La verdad es que se había recorrido un largo camino desde aquellos primitivos átomos de tierra, agua, aire y fuego de Empédocles que se unían simplemente por «amor» y «discordia».
El modelo estándar
La experiencia de todo un siglo y los quarks de Gell-Mann permitieron construir lo que hoy se llama el «modelo estándar», que refleja lo más profundo que se llegó a conocer sobre la estructura de la materia.
Y es así: la materia observable, una molécula de agua, un fragmento de ADN o un caballo, está formada básicamente por átomos que miden un diezmillonésimo de milímetro de diámetro. A su vez, los átomos están formados por electrones que giran muy lejos de un núcleo central, de diámetro diez mil veces más chico, de un cienmilésimo de millonésimo de milímetro. Pero el núcleo está formado por protones y neutrones diez veces más diminutos (menos de un millonésimo de millonésimo de milímetro). Y esos protones y neutrones a su vez están formados por partículas más de cien mil veces más pequeñas: los quarks, de menos de un cienmilésimo de millonésimo de millonésimo de milímetro de diámetro.
Los seis tipos distintos de quarks, combinados de a tres o de a dos, pueden dar una variedad enorme de otras partículas intermedias, como los mesones y los piones.
Por otro lado están los leptones, que no están formados por quarks: el electrón, el muón (una especie de electrón más pesado), la partícula tau, y tres clases de neutrinos, que aparentemente sí son elementales.
Pero con esto no alcanza: hay que agregar las partículas que transportan las cuatro fuerzas que mantienen a los trocitos de materia unidos y sin las cuales quarks y leptones flotarían sueltos por el universo y nunca podría llegarse a estructuras más complejas como un protón, un átomo, una molécula, este libro o su lector.
La interacción fuerte, la débil, el electromagnetismo y la gravitación funcionan, hasta donde se sabe, a través de partículas, aunque una de ellas, la que transportaría la fuerza de gravedad (el graviton) aun no pudo ser detectada a pesar de los tremendos esfuerzos por hacerlo.
El modelo estándar podría parecer simple (o mejor dicho, ordenado).

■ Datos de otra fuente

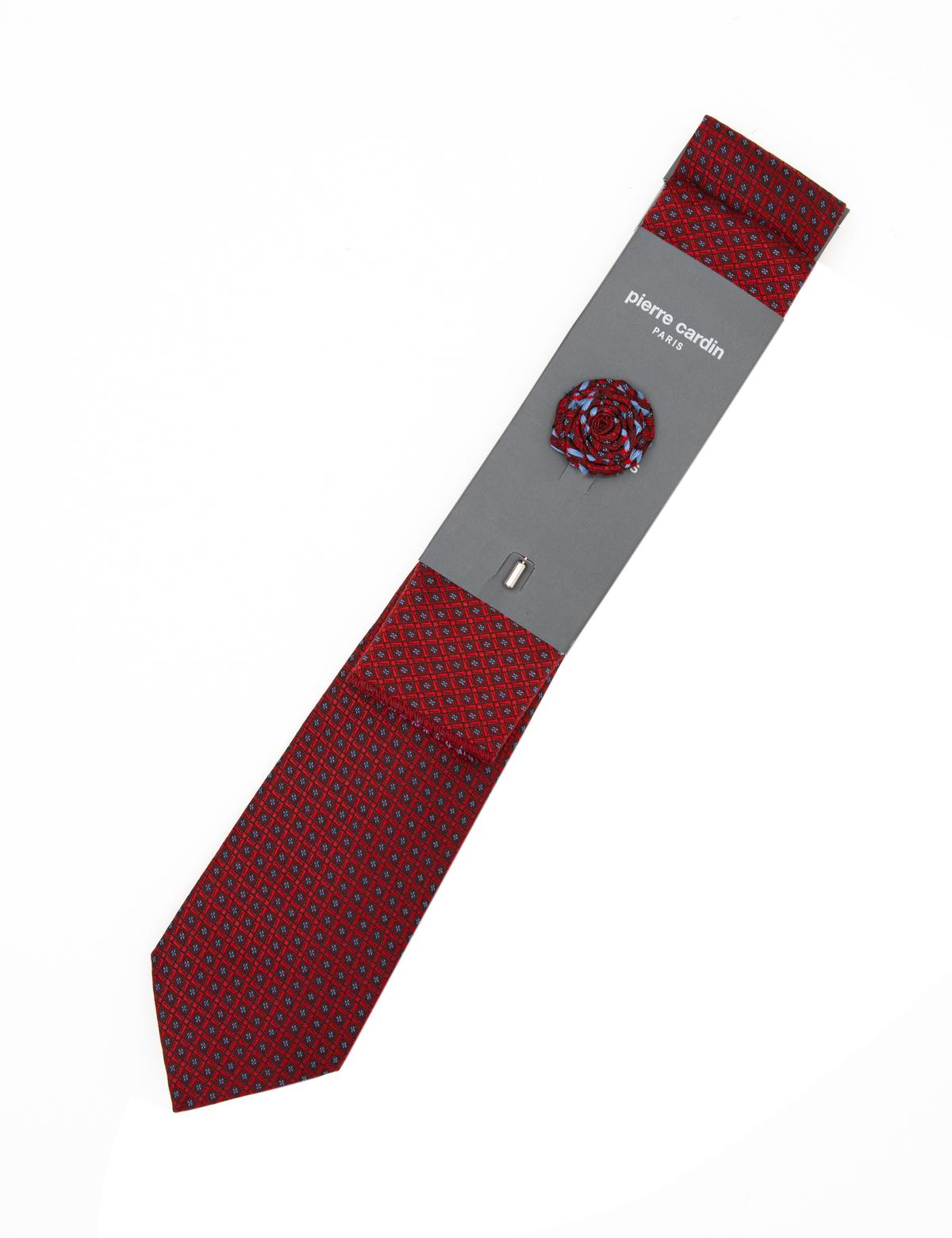 Bordo 3'lü Kravat-Mendil-Kravat İğnesi Set - 50295459001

Claro, siempre y cuando no hubiera nada más. Pero extrañamente, en un mundo que parece amar la simplicidad, aparecen de manera constante y fugaz otras partículas huidizas, aunque la gran mayoría tiene una estabilidad tan endeble que si logran crearse espontáneamente no sobreviven en los laboratorios más que unas pocas fracciones de segundos (en el mejor de los casos).
En apariencia, hasta aquí se llegó y es lo último que se puede encontrar en el interior de la materia. Así y todo, para que el modelo estándar cerrara de manera definitiva (como si tal cosa fuera posible en el campo de la ciencia) faltaba algo: la famosa partícula divina.